Her wings ached.
Her stomach roared.
Her heart thundered.
The griffin hissed as gravity sought to snare her from the chill sky, fighting back with great slams of her pinions. It was getting harder and harder, her feathers were damp with the November fog, and night had truly fallen. Half of Karen yearned to land, curl up somewhere warm and eat until she was sated.
But then the Bad Egg would certainly outpace her. She had seen the direction it’s mottley pigeons were flying. Over two dozen had died to her talons on this route already, but she may as well have been plucking feathers for all it would inconvenience the horror. Somewhere out in the dark it was heading south-south-west. Towards her Gramma, whose ancient addled mind held the secrets to the griffin blood in her family.
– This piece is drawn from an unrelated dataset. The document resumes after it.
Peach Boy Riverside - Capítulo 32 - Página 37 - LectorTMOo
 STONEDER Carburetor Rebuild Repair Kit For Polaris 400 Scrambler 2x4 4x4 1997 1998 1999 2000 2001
No, she had to make it there first. Karen let loose a defiant screech against the vast dark, against the tendrils of gravity, against the Bad Egg. Let it dare to face her.
* * * * *
The earth still beckoned her, which was aggravated by how unreadable terrain was at night. Even if she’d flown from near Alderbank, she didn’t know the town from the air, and the surrounding hills were lost to night. The closest point she knew was the road stop with the barbecue place, so she ducked down below the clouds and followed the long lonely line of lights that marked a bipeds road. Her eyes picked out distant constellations of artificial stars on the landscape, but which was Alderbank? Down and down she glided, riding the wind on protesting wings, until she spied a gas station. A rest stop.
The asphalt was hard beneath her talons, and she stumbled, running further than expected from the momentum as her wings slumped. A couple of motorbikes were moored outside the 24/7 shop, and two bipeds recoiled as she padded through into view.
“The hell’s that!?” A heavy set woman with short vivid hair squeaked, spilling beer from a can as she stumbled back.
Her companion, a swollen muscular man with a bristling beard and black duster goat glowered at Karen, “Some mystic. Griffin. Predator. Don’t show weakness.”
Karen glared back, tension racking her weary frame even as the woman inhaled, puffing herself up. Idiots. Maybe this was their territory. Really all she needed was to spot a road sign, but that would be tantamount to backing down to this bearded gorilla.
“Oh yeah? Get lost then!” The woman whipped her arm, beer can clattering off the griffins wing, splashing her with beer.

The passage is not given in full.